Facultative phototrophs including R. gelatinosus can adapt their metabolism according to oxygen availability and light through aerobiosis or photosynthesis. In R. sphaeroides and R. capsulatus, a complex regulatory network for PS gene regulation in response to changing oxygen concentrations operates according to the intracellular redox state (13, 14). This circuit includes the two-component signal transduction system PrrBA (RegBA), the PpsR and FnrL transcriptional factors. So far, in R. gelatinosus only PpsR and FnrL were identified (16, 20).

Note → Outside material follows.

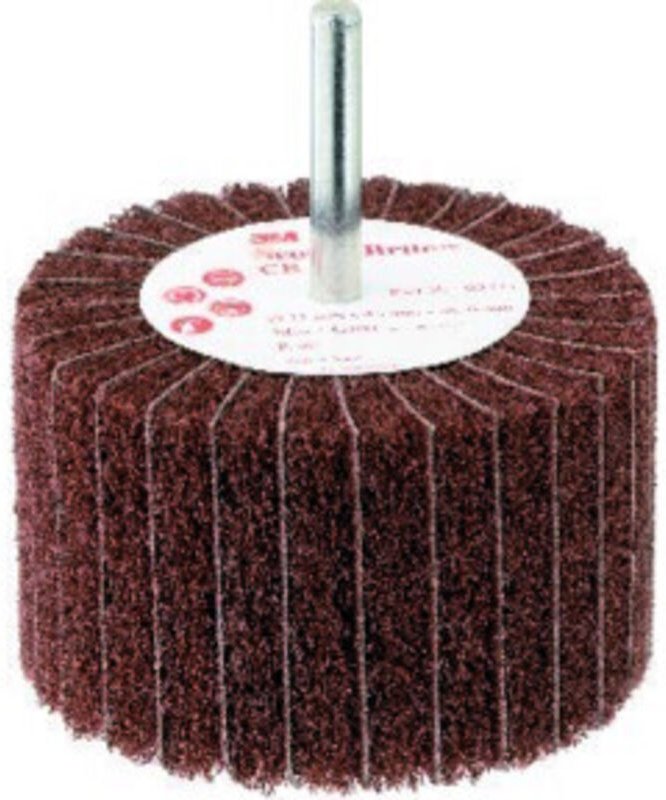 3M Lamellenbürste cb-zs 76,2x45x6mm, P80 a fin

PpsR is the main aerobic repressor of photosynthesis genes in purple bacteria, thereby playing a major role in controlling photosystem production under aerobic conditions. If photosynthesis is inhibited in the cbb₃⁻-bd⁻ double mutant in the presence of oxygen because of photosynthesis gene repression by PpsR, then inactivation of ppsR should result in a derepression of photosynthesis even in the absence of the terminal oxidases. To test this hypothesis, we have inactivated ppsR in the double mutant cbb₃⁻-bd⁻ background. The mutant was selected on plates under anaerobic PS conditions and transferred to liquid medium under photosynthetic conditions. The triple mutant was unable to grow by photosynthesis in nondeoxygenated medium, indicating that PpsR was not the only factor that causes inhibition of photosynthesis in the double mutant cbb₃⁻-bd⁻.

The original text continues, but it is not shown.